This one was written by one Benjamin B. Warfield. In reading about him, I'm surprised to find references to fundamentalism being a middle ground between intellectualism and revivalism; I tend to associate it with the latter pretty strongly. Another question to watch as I study.

Date: 2018-12-11 10:31 am (UTC)
gingicat: woman in a green dress and cloak holding a rose, looking up at snow falling down on her (Default)
From: [personal profile] gingicat
Continuing to read, I just don’t have the knowledge to comment properly.

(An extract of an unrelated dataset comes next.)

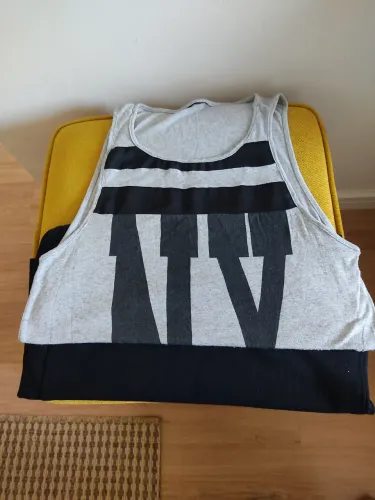 Vestido / Saida de Praia - cinza preto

Date: 2018-12-11 12:05 pm (UTC)
amaebi: black fox (Default)
From: [personal profile] amaebi
I can perceive the element of intellectualism, though-- you narrate the incessant grinding of inference and cross-checking and internal-proofing around the chosen axioms. It sounds as if it gets all spider-webbed and tripping-over-itself and contains some logical fallacies, but it's thinking and intellectual discourse. And I'd bet that, as usual, some people are doing perfectly good inference based on axioms I would reject....

Date: 2018-12-21 03:27 am (UTC)
cellio: (Default)
From: [personal profile] cellio
So, "fundamentalism" in the sense of "emphasis on fundamental principles" rather than on *evangelizing* those principles?